The Apostolate
The whole
Church is apostolic, in that she remains, through the successors of St. Peter
and the other apostles, in communion of faith and life with her origin: and in
that she is “sent out” into the whole world. All members of the Church share
in this mission, though in various ways. “The Christian vocation is, of its
nature, a vocation to the apostolate as well. “Indeed, we call an apostolate
“every activity of the Mystical Body” that aims “to spread the Kingdom of
Christ over all the earth.”
“Christ,
sent by the Father, is the source of the Church’s whole apostolate”; thus
the fruitfulness of apostolate for ordained ministers as well as for lay people
clearly depends on their vital union with Christ. In keeping with their
vocations, the demands of the times and the various gifts of the Holy Spirit,
the apostolate assumes the most varied forms.

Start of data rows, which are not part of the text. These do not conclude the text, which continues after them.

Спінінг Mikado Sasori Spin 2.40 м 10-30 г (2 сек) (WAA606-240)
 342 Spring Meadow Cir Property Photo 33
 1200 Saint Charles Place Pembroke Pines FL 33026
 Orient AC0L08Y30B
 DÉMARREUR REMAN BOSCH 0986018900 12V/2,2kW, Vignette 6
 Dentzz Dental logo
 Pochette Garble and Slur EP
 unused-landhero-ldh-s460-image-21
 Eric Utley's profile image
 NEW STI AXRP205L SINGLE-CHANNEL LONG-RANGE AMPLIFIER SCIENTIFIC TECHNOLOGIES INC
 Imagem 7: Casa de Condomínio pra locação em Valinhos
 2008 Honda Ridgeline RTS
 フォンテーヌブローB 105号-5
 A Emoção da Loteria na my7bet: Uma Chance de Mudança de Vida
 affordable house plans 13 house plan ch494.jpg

But charity, drawn from the
Eucharist above all, is always ”as it were, the soul of the whole
apostolate.”
The Church is
ultimately one, holy, catholic, and apostolic in her deepest and ultimate
identity, because it is in her that “the kingdom of heaven,” the “Reign of
God,” already exists and will be fulfilled at the end of time. The kingdom has
come in the person of Christ and grows mysteriously in the hearts of those
incorporated into him, until its full eschatological manifestation. Then all
those he has redeemed and made “holy and blameless before him in love,” will
be gathered together as the one People of God, the “Bride of the Lamb,”
“the holy city Jerusalem coming down out of heaven from God, having the glory
of God.” For “the wall of the city had twelve foundations, and on them the
twelve names of the twelve apostles of the Lamb.”